In real hardware, the systems we're trying to emulate (usually) have multiple "active" devices, and they run in a truly parallel fashion. The timing of interactions that occur in this system are inherent. If you have two devices, both running off a shared/related clock source, both with fixed known timing charateristics, they'll interact in a predictable way. They may interact millions of times a second, with their operations interleaving in a consistent fashion. Emulating a single active device is relatively easy. Emulating multiple active devices at once, and getting absolutely every interaction between them in the right order with the correct relative timing is much, much harder.
It's worth noting at this point, that historically most emulators haven't really tried to solve this problem. Genecyst could run Mega Drive games at full speed on a Pentium 133. How could it do this? One reason was that, like most emulators after it, it didn't attempt to get perfect timing accuracy. Although a bit of a simplification, it would basically just say "run the 68000 for X amount of time, then run the Z80 for X amount of time, then run the 68000 for another X, etc". The timing accuracy was limited to saying the two devices are "within X of each other" at any point in time. As it happens, that's enough to get a lot of code working. Why? Because the timing requirements often depend on the actual code being run within the system you're emulating. You can write code that'll work even if the timing of the system is massively off. You can also write code that requires bleeding-edge timing cases to be emulated perfectly, or it all falls down in a massive heap.

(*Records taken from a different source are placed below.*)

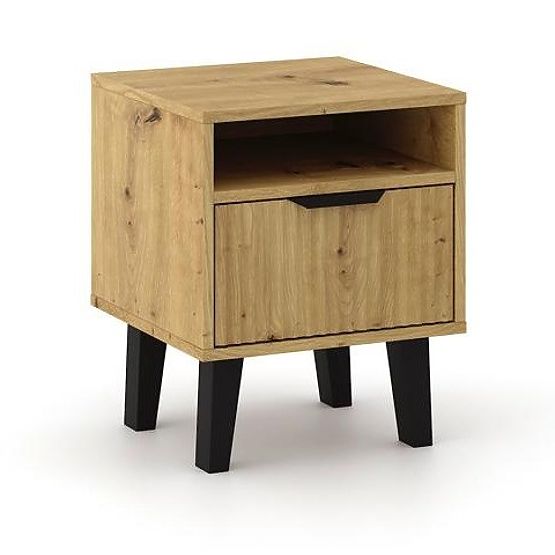 Table de nuit Scandi 1S SLIM CHÊNE ARTISAN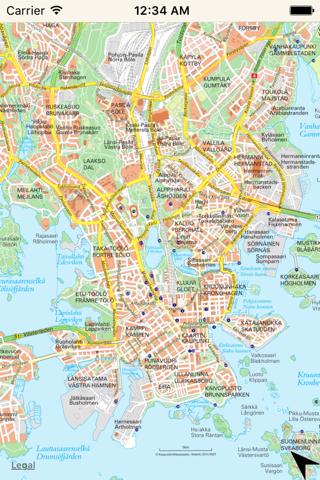Helsinki kartta screenshot 2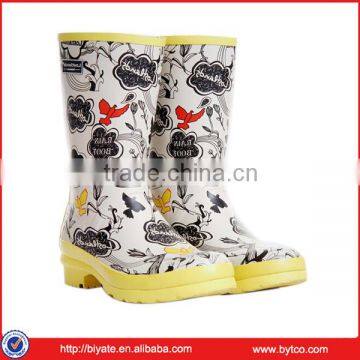 Handmade Ladies Hunting style Rubber Rain Boots/Natural Rubber boots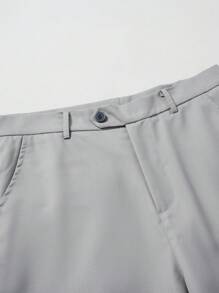 Manfinity Mode Plus Size Men's Colorblock Lapel Neck Blazer And Pants Suit Set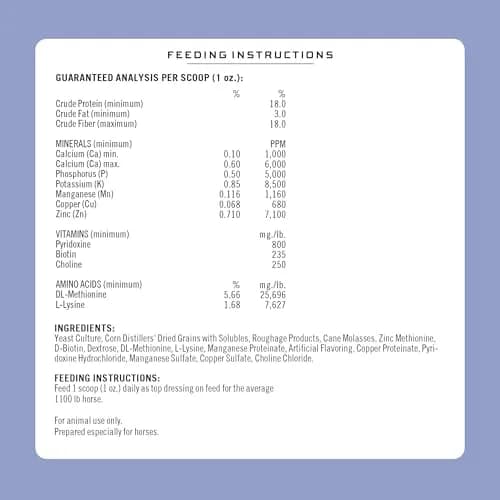 Formula 707 Hoof Health Equine Supplement, 10 lb Bag | Supports Healthy Hooves & Skin thumbnail 7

If you want to write an emulator that plays some (or even most) games on a given system with the apparent correct result as far as the player can see, and you don't care about more than that, you can do some really simple nieve things and get what you want. If you want to write an emulator that runs all code exactly and precisely in the same way as the original system, such that nobody can write any code that can behave differently on your emulator than the real hardware (intentionally or unintentionally), you have to go all in and fully emulate the timing interactions faithfully.
So that's the problem, and why we want to solve it. I've said emulating at this level is harder. It's harder for two main reasons:
1. Obtaining precise information on the timing of operations the devices performs is difficult, as the details are often not documented, or where they are the documentation is usually insufficient and/or incorrect.
2. The very nature of modern CPU architecture is ill-suited to running code which can emulate these systems at high speed.
Point 1 is well understood, and it can be solved over time with hardware testing and analysis. Point 2 is the issue being discussed here though. We want to be able to emulate a system as fast as possible, but trying to solve the timing problem creates challenges for performance.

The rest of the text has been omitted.